Silo a conclu cette conférence en déclarant :
« Il nous paraît clair que la religiosité est en progression ici, aux États-Unis, au Japon, dans le monde arabe et dans le camp socialiste, qu’il s’agisse de Cuba, de l’Afghanistan, de la Pologne ou de l’U.R.S.S. »
« Nous nous posons plutôt la question, » a-t-il ajouté, « de savoir si les religions officielles pourront adapter ce phénomène psychosocial au nouveau paysage urbain ou si, au contraire, elles seront débordées. Il se pourrait très bien qu’une religiosité diffuse se développe dans de petits groupes chaotiques sans constituer une église formelle ; il sera alors assez difficile d’appréhender la véritable envergure que pourra prendre ce phénomène. »

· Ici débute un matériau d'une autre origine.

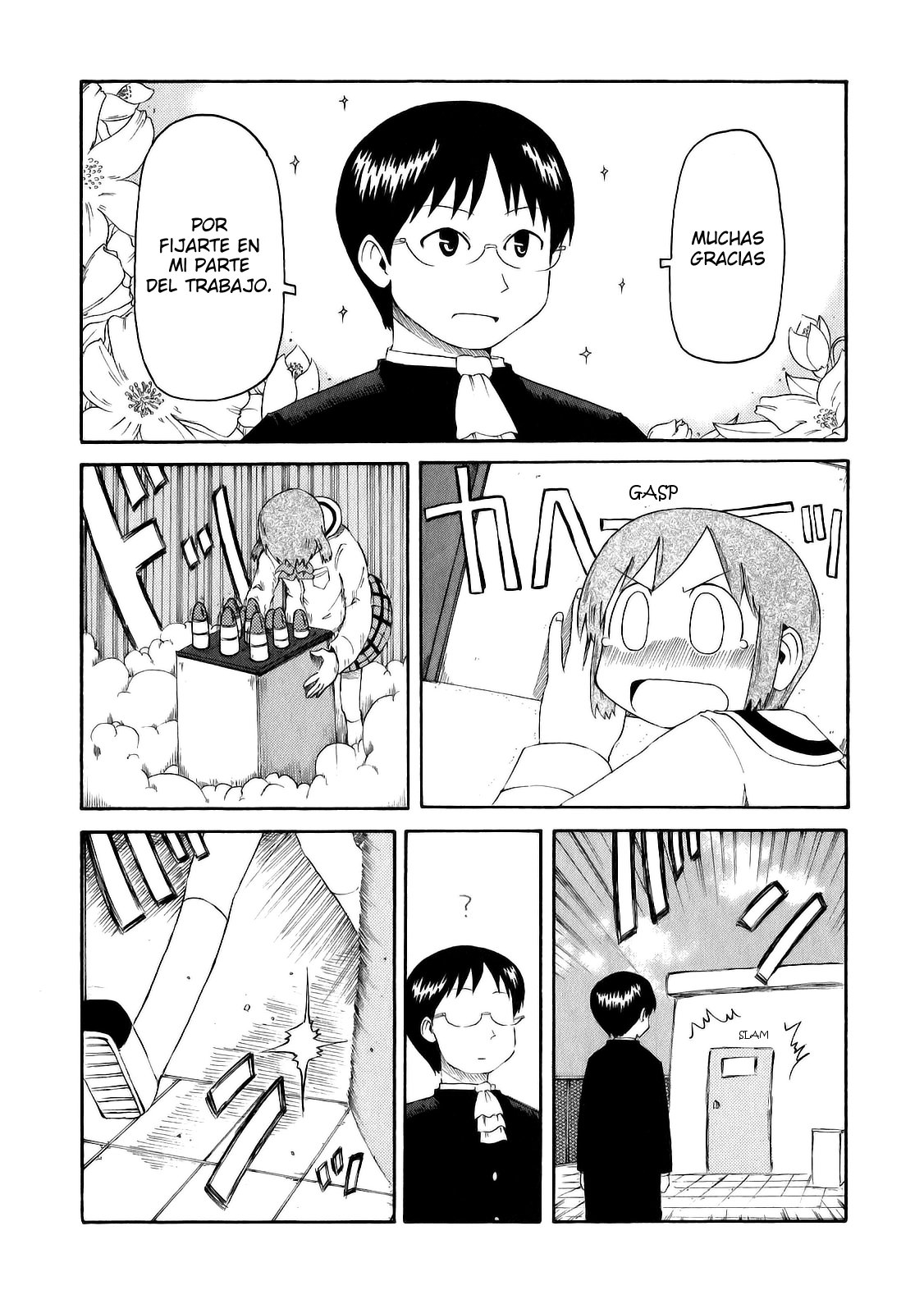 Read Nichijou (es) Manga Online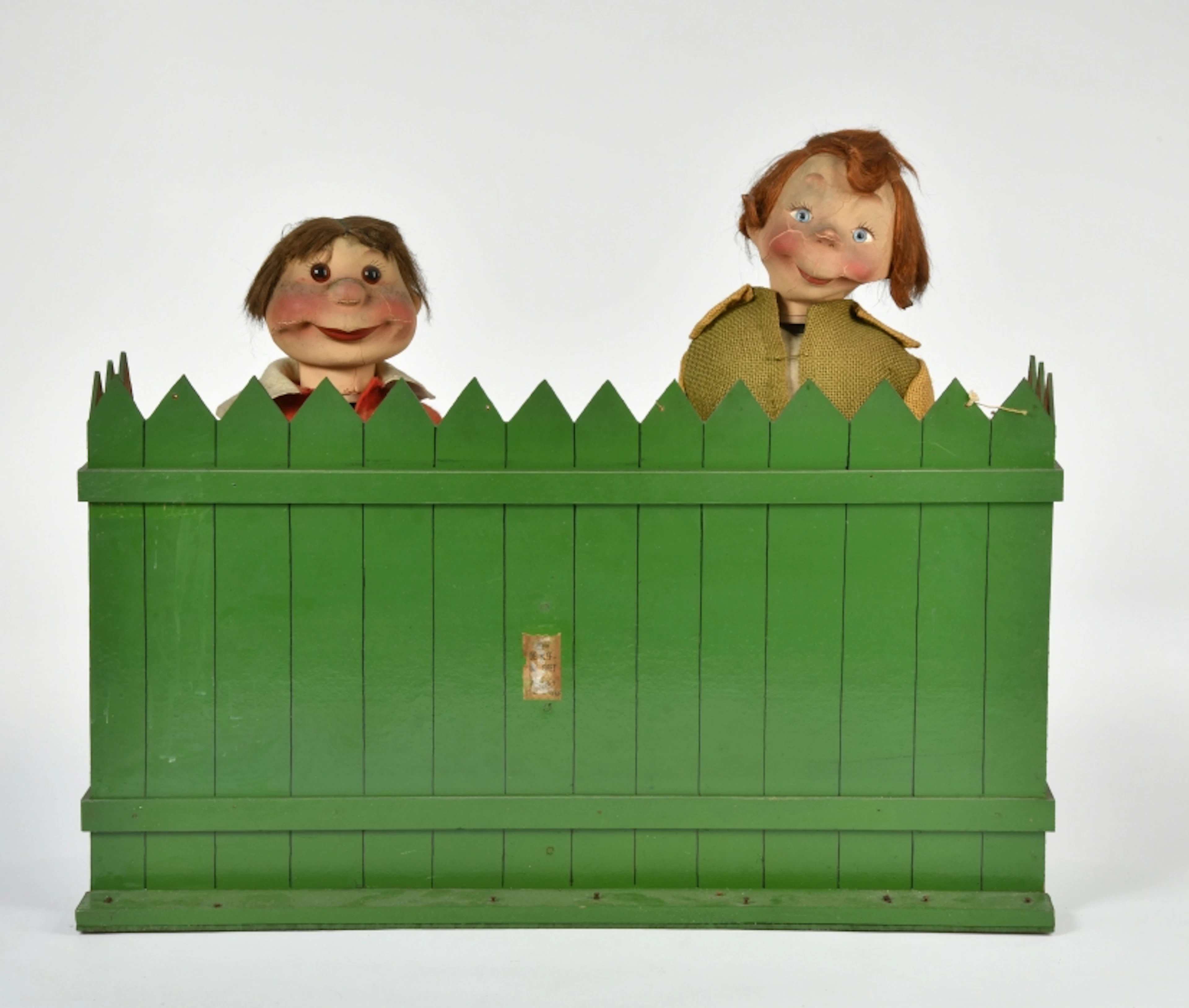 De Neef/ de Smet, Schaufenster-Figuren-Automat Max und Moritz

A cela il a ajouté : « Bien que la comparaison ne soit pas vraiment légitime, je me permets de vous rappeler un précédent ancien : la Rome Impériale a vu surgir de chez ses voisins toutes sortes de cultes et de superstitions, tandis que la religion officielle perdait de sa force de conviction. L’un de ces groupes insignifiants finit par se transformer en une Église universelle… »
Et de conclure : « Aujourd’hui, il est clair que pour avancer, cette religiosité diffuse devra combiner le paysage et le langage de notre époque – un langage de programmation, de technologie et de voyages spatiaux – avec un nouvel évangile social. »
Des décennies plus tard, fin ou réveil ?
Près de quarante ans se sont écoulés depuis ces descriptions prémonitoires et, loin de la fin de l’histoire naïvement promulguée par un néolibéralisme qui s’est unilatéralement déclaré vainqueur absolu, le monde est aujourd’hui secoué par l’adhésion de vastes secteurs sociaux à des cultes fondamentalistes. Ce que l’on appelait autrefois « l’opium du peuple » s’est révélé être une puissante amphétamine.
La question qui se pose à l’heure actuelle est de savoir si le non-sens évident d’un monde consumériste décadent, si les changements rampants et l’incertitude conduiront mécaniquement des multitudes dans l’abîme d’un fondamentalisme violent, rétrograde et irrationnel ; ou si cette spiritualité qui jaillit des profondeurs humaines s’ouvrira à de nouveaux horizons de bonté et si une révolution de l’esprit humain en émergera, apportant une vie digne pour tous, la paix et la joie pour le cœur et une direction évolutive pour la conscience.
Notre foi inébranlable en l’être humain nous pousse à croire et à travailler pour cette dernière option.